It’s hard to think of a prime minister who has reached No. 10 with lower expectations. Boris Johnson has been dismissed as a philandering clown, a joker calamitously miscast as prime minister in a moment of national crisis. Obloquy has been hurled at him every time he has taken a new job — from mayor of London to foreign secretary. When he became editor of this magazine, his critics said putting The Spectator into the hands of such an oaf was like asking an ape to look after a Ming vase.
At every stage, however, Boris’s critics have been confounded. His jobs change, but his style remains. His belief is that achievements speak for themselves, and voters understand that. He has been happy to be judged on his time as London mayor and on the Vote Leave campaign. The road to success, he believes, is to find brilliant people and give them the freedom to achieve great things. This is what he did at The Spectator, and in City Hall — and it is what he will now do as prime minister.
He is fundamentally a meritocrat. Theresa May had a weakness for ministers who were hopelessly ineffective but loyal. Tony Blair and Gordon Brown both had their tribes: the Blairites and Brownites were chosen more for affiliation than ability. David Cameron’s government was known as a ‘chumocracy’ because he elevated his old Oxford friends.
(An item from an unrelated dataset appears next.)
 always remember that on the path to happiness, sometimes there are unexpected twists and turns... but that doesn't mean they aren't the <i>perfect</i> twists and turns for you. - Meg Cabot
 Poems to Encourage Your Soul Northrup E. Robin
Westminster politics is a tribal game, so new PMs tend to arrive with their tribe.
There will be no Boris Johnson chumocracy, because he’s not clannish: he doesn’t really have many chums. For all of his flamboyance, he is a very private politician who has never felt the need to build a tribe.
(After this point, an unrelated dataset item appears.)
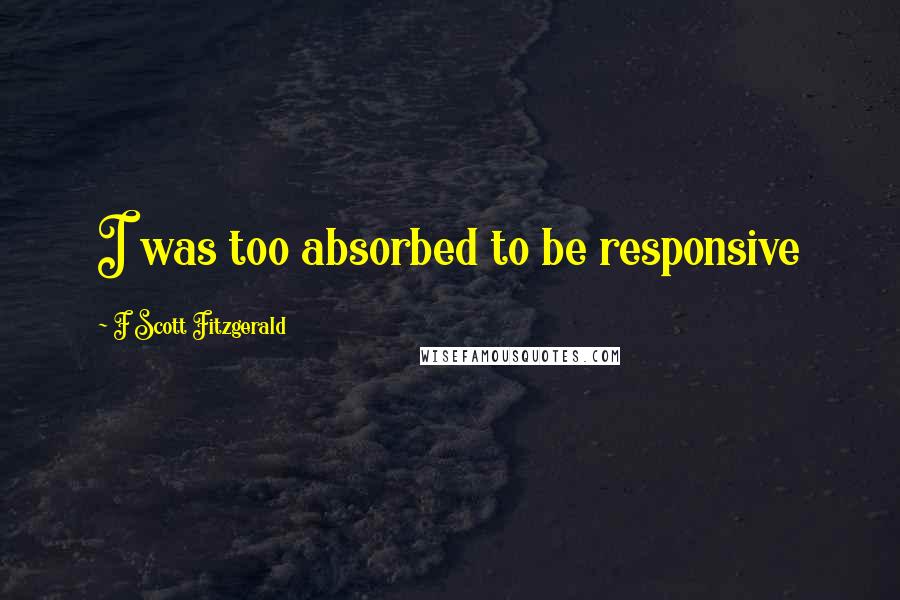 F Scott Fitzgerald Quotes: I was too absorbed to be responsive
This is no time for a conventional prime minister, and a majority of Tory MPs backed Boris because they understand this. The task, now, is to try to bring the country back together — and the new PM must seek to recover the broad political appeal which he seemed to possess as mayor of London.
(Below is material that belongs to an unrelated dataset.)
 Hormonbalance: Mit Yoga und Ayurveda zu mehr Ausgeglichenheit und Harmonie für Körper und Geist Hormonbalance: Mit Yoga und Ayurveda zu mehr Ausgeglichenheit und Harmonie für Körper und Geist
This should be possible: he is, after all, fundamentally a liberal. The attacks on him are a sign of the unhinged nature of much of the Brexit debate: it is bizarre that he can be damned as a kind of extremist — a racist even. For determined Remainers, no one who campaigned for Brexit can ever be forgiven for precipitating what they view as a national disaster. Then there are the Brexit-eers, who cannot view the political landscape without seeing a dark conspiracy to squash the will of the people.
Boris is not going to get the chance to get started on any programme of liberal reforms, of course, until he first solves the Brexit conundrum. To achieve that, he and his team will have to do a lot of brainstorming over the summer, as well as building relationships with European leaders.
Nothing is as hopeless as it first seems. As Martin Howe QC explains in this week’s issue, Boris is right to look towards a temporary solution while a more permanent trade deal with the EU can be negotiated. He is quite right to maintain a no-deal Brexit as his own backstop. As has become clear from a recent interview with Michel Barnier, Theresa May did not once threaten a no-deal outcome or give the EU the impression that she was serious about walking away from negotiations if a good deal could not be reached. It was the fatal flaw in her approach.
There has been a small flurry of resignations from ministers who wish to avoid a no-deal Brexit at all costs. Any two MPs could precipitate the collapse of Boris Johnson’s government, were they minded to take down the ship and themselves with it. What is not on the side of the rebels is timing. For those intent on stopping hard Brexit, or Brexit altogether, there really is only one opportunity to bring a confidence vote — in the first week of September, before the conference season begins. Leave it any later, and they risk Britain dropping out of the EU while parliament is prorogued for a general election campaign.
Boris has more breathing space than might be supposed, therefore. If he can use his time well and avert a September confidence vote, there is every chance that a satisfactory exit from the EU might be achieved by 31 October. If not, and we leave without a deal, the Johnson government will have another huge challenge on its hands: how to avert large-scale economic damage.
Either way, if Boris can survive his first three months in office, his position will be stronger. If he achieves a deal with the EU by 31 October, he will be unassailable — and his critics within the party humbled. That will be the time to unveil his reform programme. For all the invective that Johnson now seems to inspire among his enemies, there is no reason to assume that he will not be capable of going to the country at that point and winning his own mandate.